John Gehring (JG): A journalist asked Pope Francis once if he was a “revolutionary.” The word, of course, carries a lot of baggage and elicits strong reactions so it would have been easy for him to dance around it. The pope didn’t shy away from it but said the true revolutionary is one who goes to the “roots.” The word radical comes from radix, which means the root. Francis is a radical in the same spirit as Jesus was a radical. He wants the Church to be rooted in the countercultural message of the Gospel, which is good news for the poor. Francis thinks the Church grows unhealthy and irrelevant when it becomes more about institutional maintenance and clerical privilege. He wants the Church to regain the capacity to convey what he calls the “freshness and fragrance” of the Gospel. This is the radicalism of the Holy Spirit at work in the Church. He also wants to change the root causes of inequality and poverty, which includes a critique of the ways unjust structures shape an economy of exclusion and a globalization of indifference.
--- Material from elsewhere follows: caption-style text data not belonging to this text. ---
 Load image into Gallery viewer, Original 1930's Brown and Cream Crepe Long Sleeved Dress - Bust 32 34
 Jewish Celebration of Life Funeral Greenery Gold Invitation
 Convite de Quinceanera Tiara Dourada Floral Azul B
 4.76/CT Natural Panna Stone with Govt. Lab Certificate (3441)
What would a Francis revolution look like for the American Church?
JG: The leadership of the Catholic Church in the United States is at a crossroads. Do bishops hunker down in a defensive crouch in the face of a shifting culture or learn from Pope Francis that what attracts and inspires people is a welcoming, healing church that is not afraid to be in the streets? Those are two very different visions. Pope Francis wants us to be countercultural, but he knows the culture wars are a dead end street for the Church. He wants bishops to be pastors close to the people, not aloof princes, and he is clearly prioritizing the need for the Church to speak out more boldly on poverty, inequality, and climate change. He isn’t tossing Church doctrine out. Francis is amplifying and prioritizing traditional principles of Catholic social teaching as they relate to the rights of the poor in ways we haven’t seen in recent years from many US bishops. The Church is a slow moving ocean liner that doesn’t turn quickly, but my hope is the pope’s consistent challenge to an “economy of exclusion and inequality” that “kills”—and the urgency to act on climate change that is already hurting the poor—inspires US bishops to prioritize those issues in the public square. I think many bishops are excited about that and others are sleepwalking through the Francis era as if nothing has changed.
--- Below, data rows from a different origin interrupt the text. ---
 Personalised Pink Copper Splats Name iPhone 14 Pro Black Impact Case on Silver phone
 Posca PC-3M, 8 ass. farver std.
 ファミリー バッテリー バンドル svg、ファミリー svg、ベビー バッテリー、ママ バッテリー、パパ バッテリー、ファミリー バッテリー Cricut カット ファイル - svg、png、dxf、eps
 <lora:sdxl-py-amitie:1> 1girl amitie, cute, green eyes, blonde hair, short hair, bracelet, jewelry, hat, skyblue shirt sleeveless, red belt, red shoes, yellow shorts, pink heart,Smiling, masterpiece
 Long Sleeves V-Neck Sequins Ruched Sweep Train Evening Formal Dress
How does the Francis revolution challenge the left and the Democratic Party?
JG: Pope Francis—and, more broadly, the Catholic social tradition—challenges the individualism that shapes mainstream liberalism and conservatism in different ways. I think the Pope challenges the left to think more critically about how rights also come with responsibilities, how individualism and personal identity can’t be severed from community and the common good. There are also strains of liberalism and voices within the Democratic Party who reduce religion to what happens in churches on Sunday morning and fail to see that the Church’s public role in healthcare, education, and other charitable works are central to the Church’s identity and ministry. The Pope has a more expansive understanding and appreciation for the role of religion in the public square than some liberals take. Catholic progressives like myself also have to grapple with the fact that the Pope’s critique of a throwaway culture also includes a defense of life in the womb. I see Francis revitalizing the Church’s consistent ethic of life, which says our concern for the dignity of life begins with the unborn but doesn’t end there. Francis talks about the death penalty, economic justice, the protection of migrants, and stewardship of the environment as fundamental issues of life and dignity.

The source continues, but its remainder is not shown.